Mr. Noyes to Mr. Blaine.
Paris, May 16, 1881. (Received May 31.)
Sir: As I had the honor of informing you by my cipher dispatch of the 6th instant, immediately after receiving your telegram of the same day in relation to the Venezuelan matter, I repaired to the foreign office, and explained your desire to M. Barthelemy St. Hilaire.
He said he was grateful to you for the kind intervention, and that he would take it into consideration with every disposition to accept your proposition, but that the circumstances of the case were such that some deliberation was necessary.
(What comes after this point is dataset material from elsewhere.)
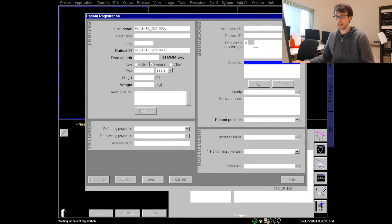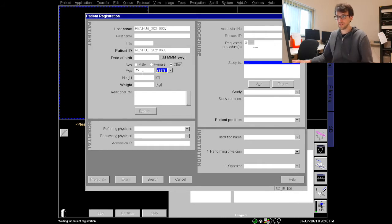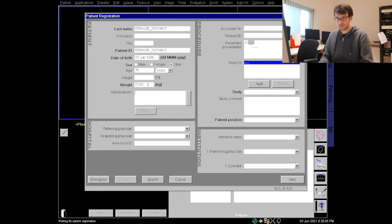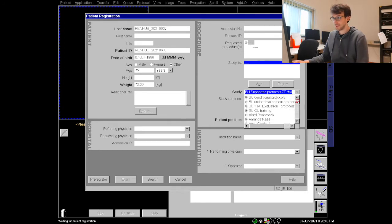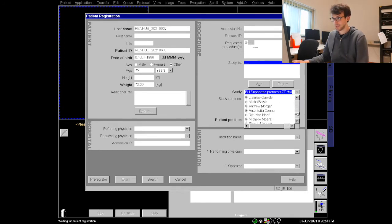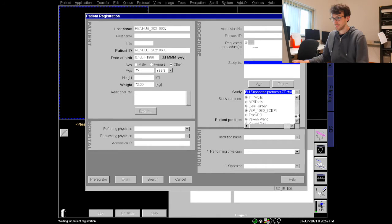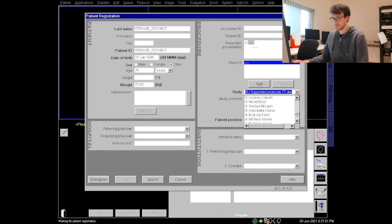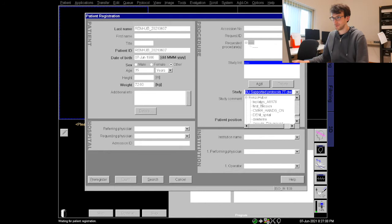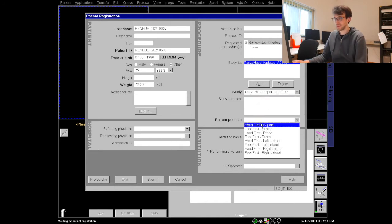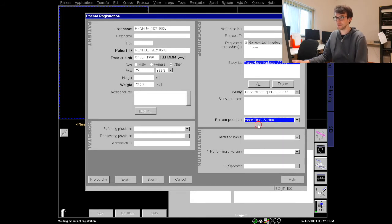We would have phantom in there right now. Let's say it's 35 years old, the weight is 72 and we can select a study. I would have a study prepared, for example my study, it's just somewhere down there. I do not find it quick so let's find it slowly. There we are, Renzo Huber. We can use anything from the templates and as always with head imaging at the 7Tesla we use head first supine.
He then stated, with all due caption of language, that the Venezuelan Government had not acted fairly with France; that after agreeing to certain payments, it had, under different pretexts, abstained from keeping its engagements, and that now, contrary to a plain understanding and a written pledge, it wanted to give preference over the claims of France, or to place on the same footing, other claims which were not entitled to such treatment.
* * * * * * *
He promised, however, that he would act promptly, and in order to facilitate his answer I left with him a note embodying the substance of your dispatch. My telegram of the 14th instant gave you a resumé of this answer, which I now send in full with a translation. Mr. de Rojas, the minister of Venezuela here, whose official relations with the French Government are now suspended, has called on me to-day and has expressed the hope that the Government of the United States will continue to intervene, in order in some equitable manner to settle the pending difficulty, and that as prompt action as is convenient will be had.